I have to admit something: I don’t like black-and-white comics. I can hear all the purists moaning as they read that, but I don’t care. I grew up on Marvel and DC comics in the ’80s and ’90s, and I expect all my comics to be in full color. I feel a little ripped off when I pick up a book and find no color inside, and it takes quite a deal of quality of either story or art (ideally both) to counteract that initial repulsion.
Thusly, I was more than a little saddened when I cracked the cover of The Absence, written and drawn by Martin Stiff, to find myself smack in the middle of yet another black-and-white comic. And not one in which the art particularly satisfied my tastes.
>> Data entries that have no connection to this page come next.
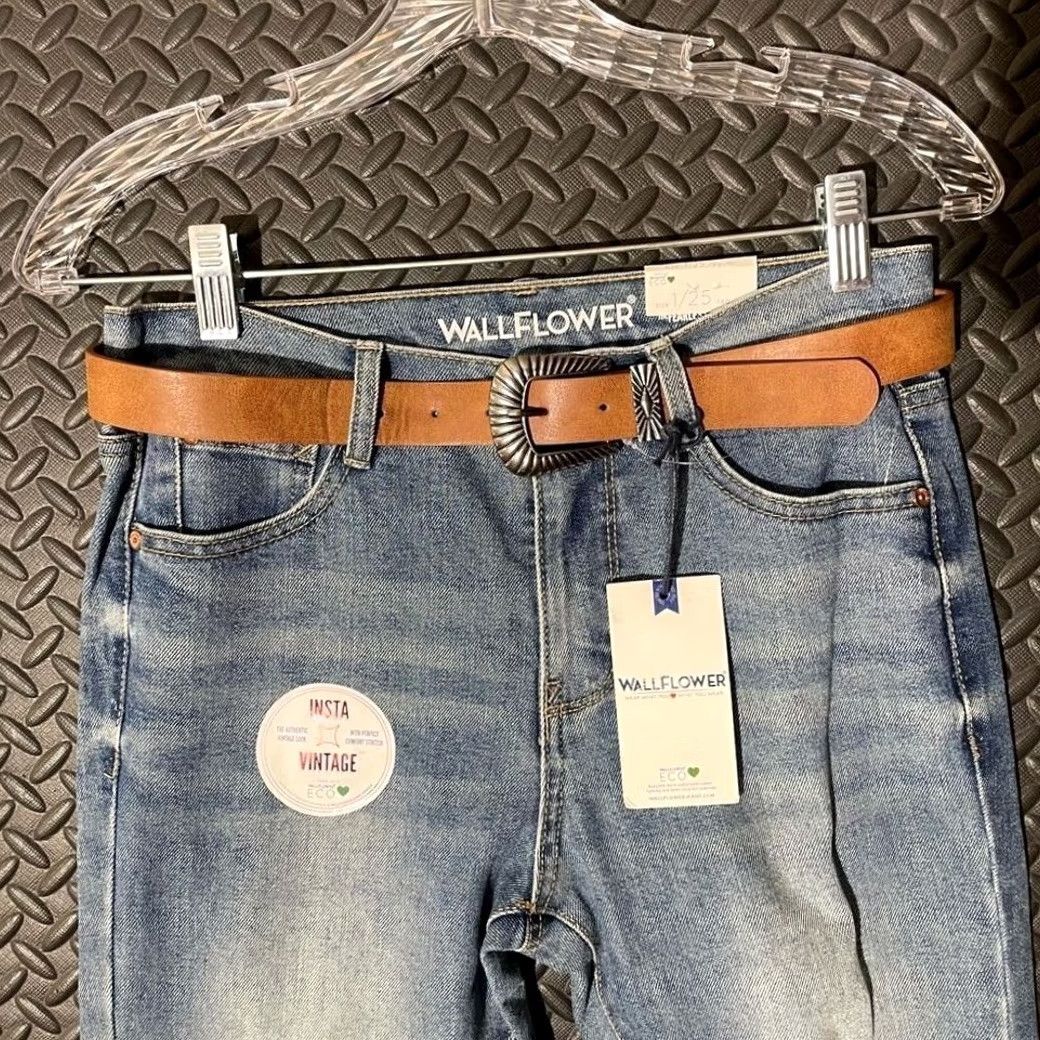 Vintage WallFlower Jeans NWT Super High Rise Womens Blue Vintage Flare 28 Size 28" / US 6 / IT 42 - 3 Thumbnail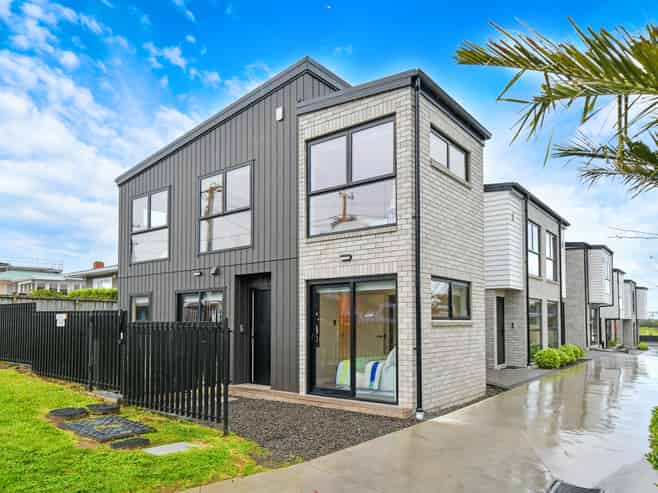 1/30 Wellesley Road, Mangere Bridge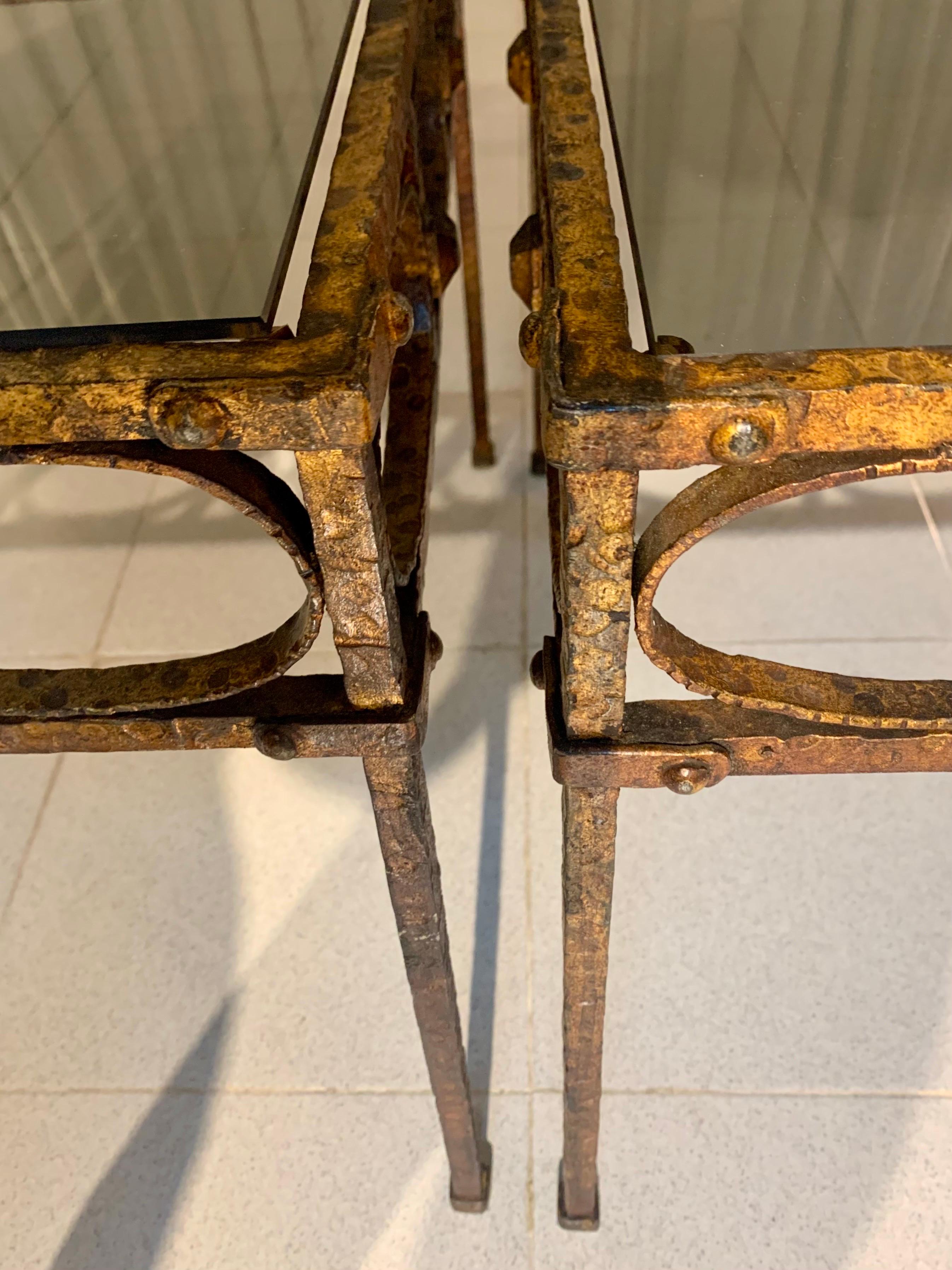 Paar spanische Beistelltische aus vergoldetem Hammer-Eisen mit Rauchglasplatte (Spanisch) im Angebot
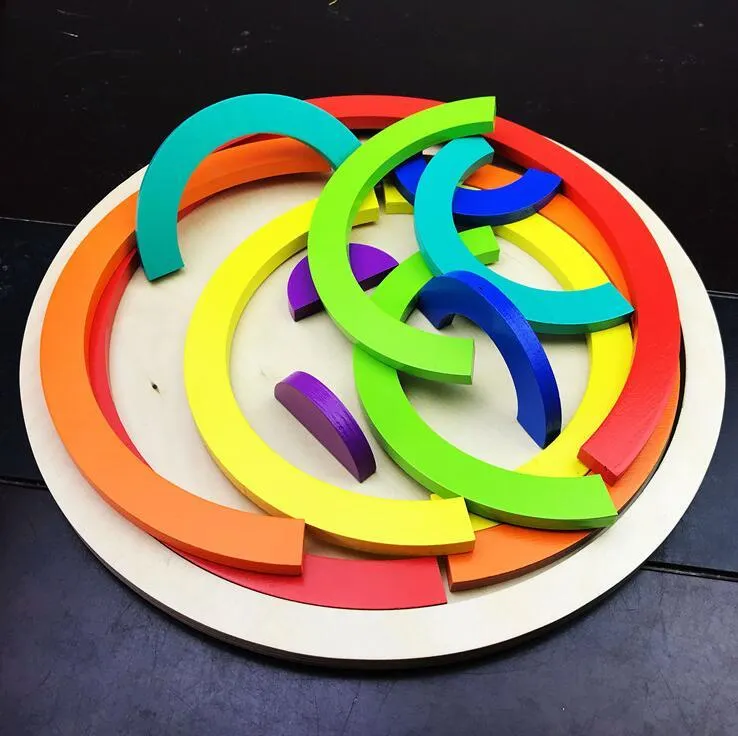 12-piece wooden building blocks in rainbow and arch shapes, New Zealand pine with light lacquer finish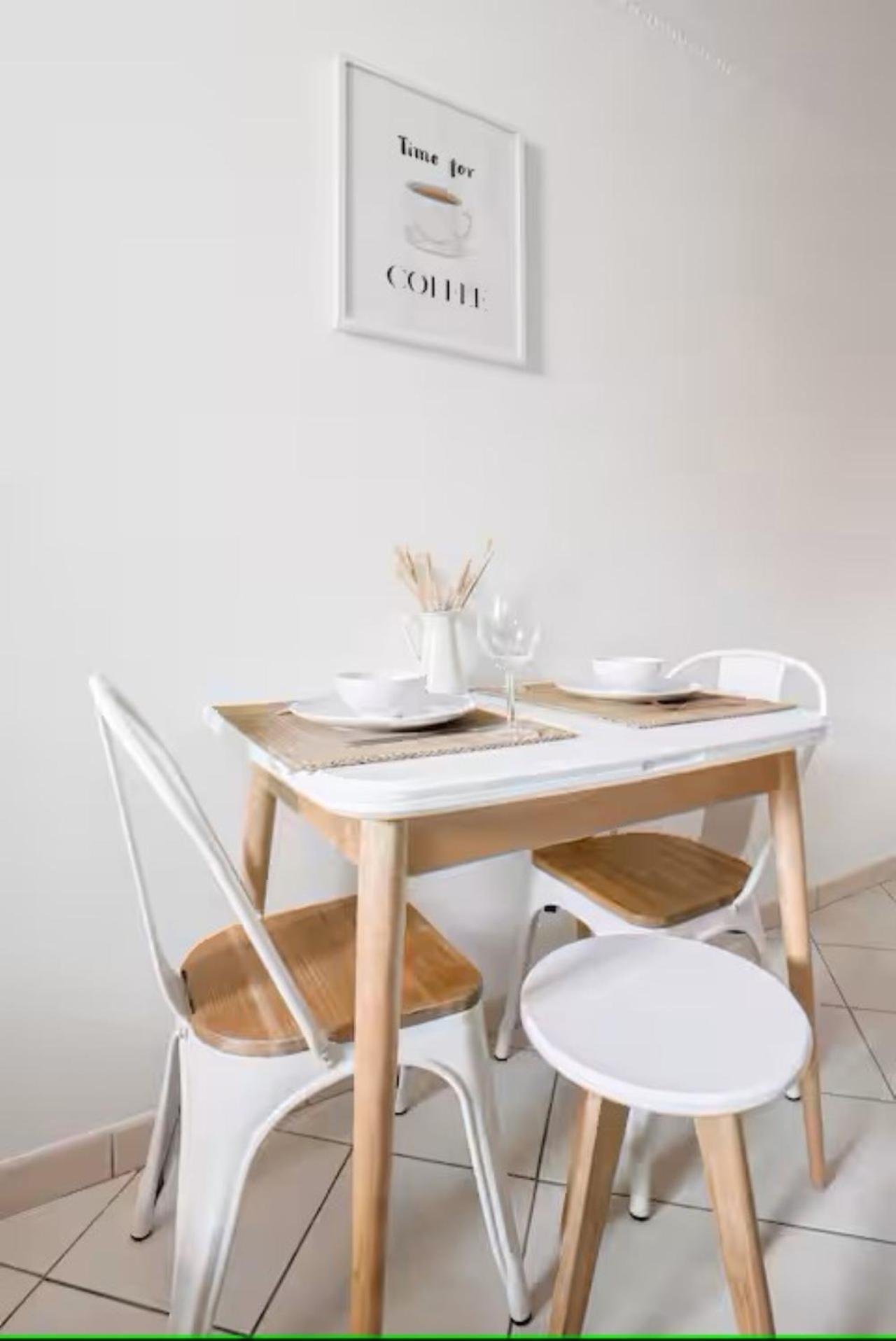 Coeur De Ville - Au Pied Du Metro - 3 Chambres Bobigny Ngoại thất bức ảnh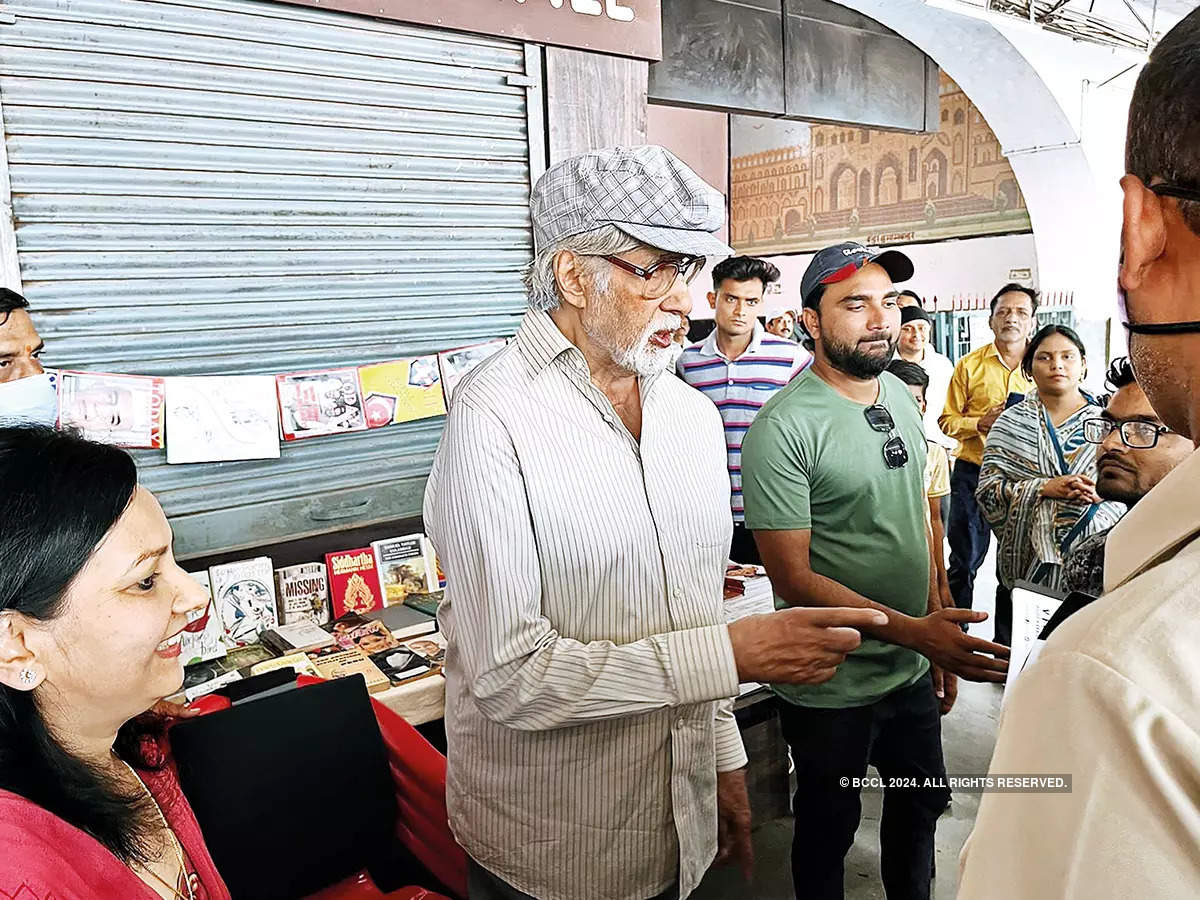 Amitabh Bachchan shooting at City Station on Thursday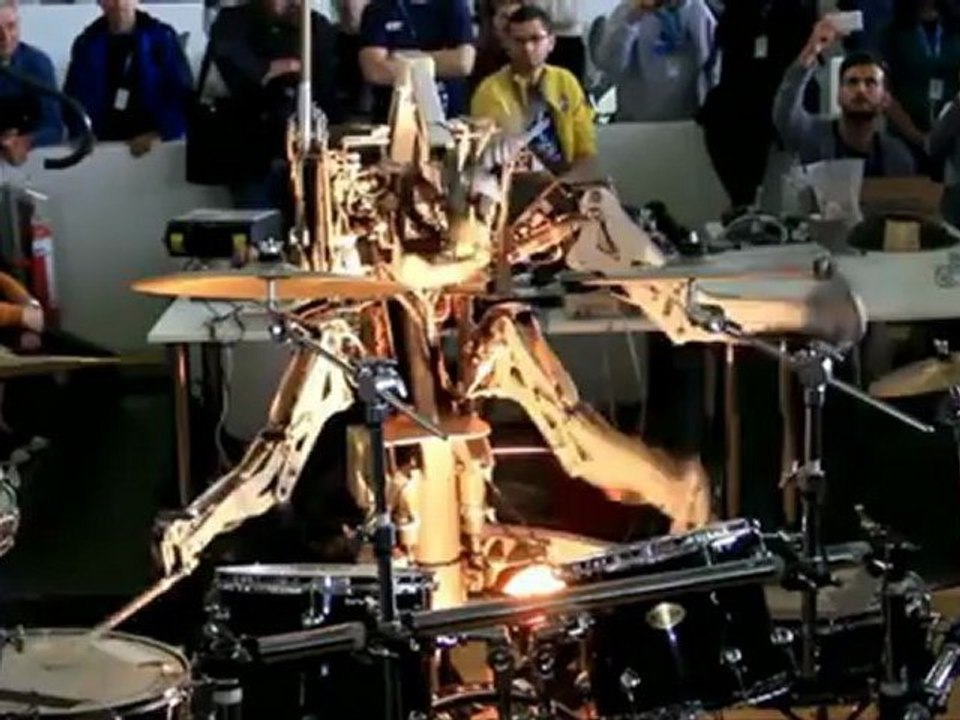 Un robot joue de la batterie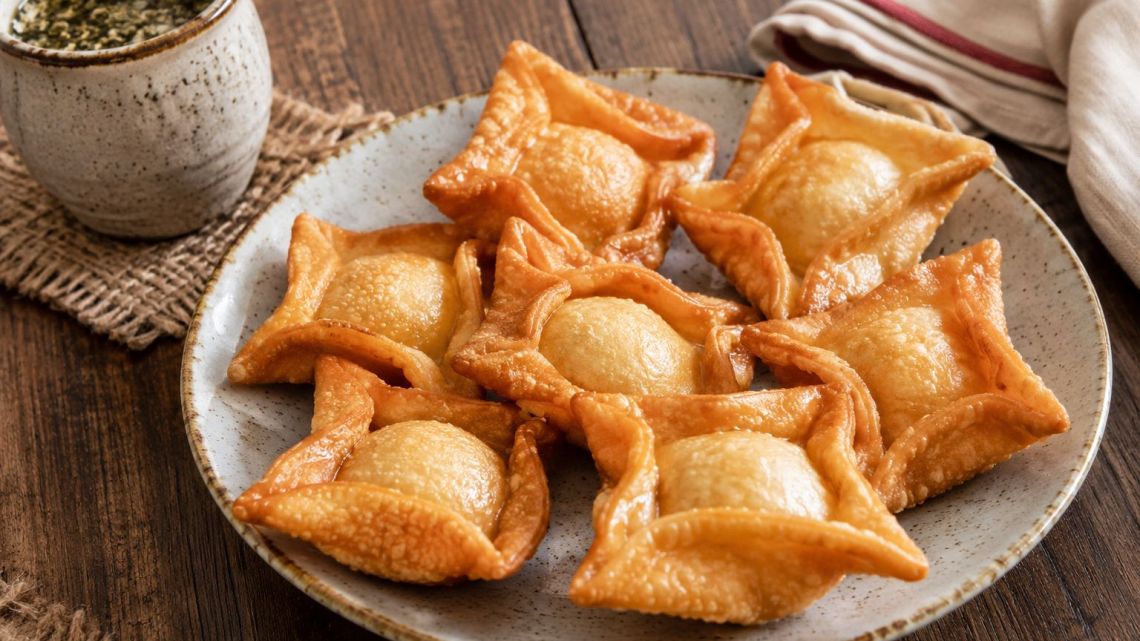 Receta de pastelitos criollos con hojaldre crujiente y relleno de membrillo o batata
Luckily for me, the story came to rise above the art to supply the things I do like in my comics, which are dark themes, creepy atmospheres, and a plot reeking of mystery.
The Absence tells the story of one Marwood Clay, a disfigured veteran of WWII, as he returns to his hometown in the English countryside. As we slowly are introduced to the townspeople, it becomes clear that Marwood’s return is not an altogether welcome one. Meanwhile, the eccentric Dr. Temple, a wealthy ex-British intelligence officer, is commissioning the construction of a mysterious building on the town’s outer limits. Then people begin disappearing. Why do the townspeople hate Marwood Clay? What is Dr. Temple building? Is it possible the two things are related? The plot gets wilder and more convoluted as the story builds to a compelling climax.
In the end, while not completely to my tastes, The Absence proves a worthwhile read for lovers of the dark and creepy.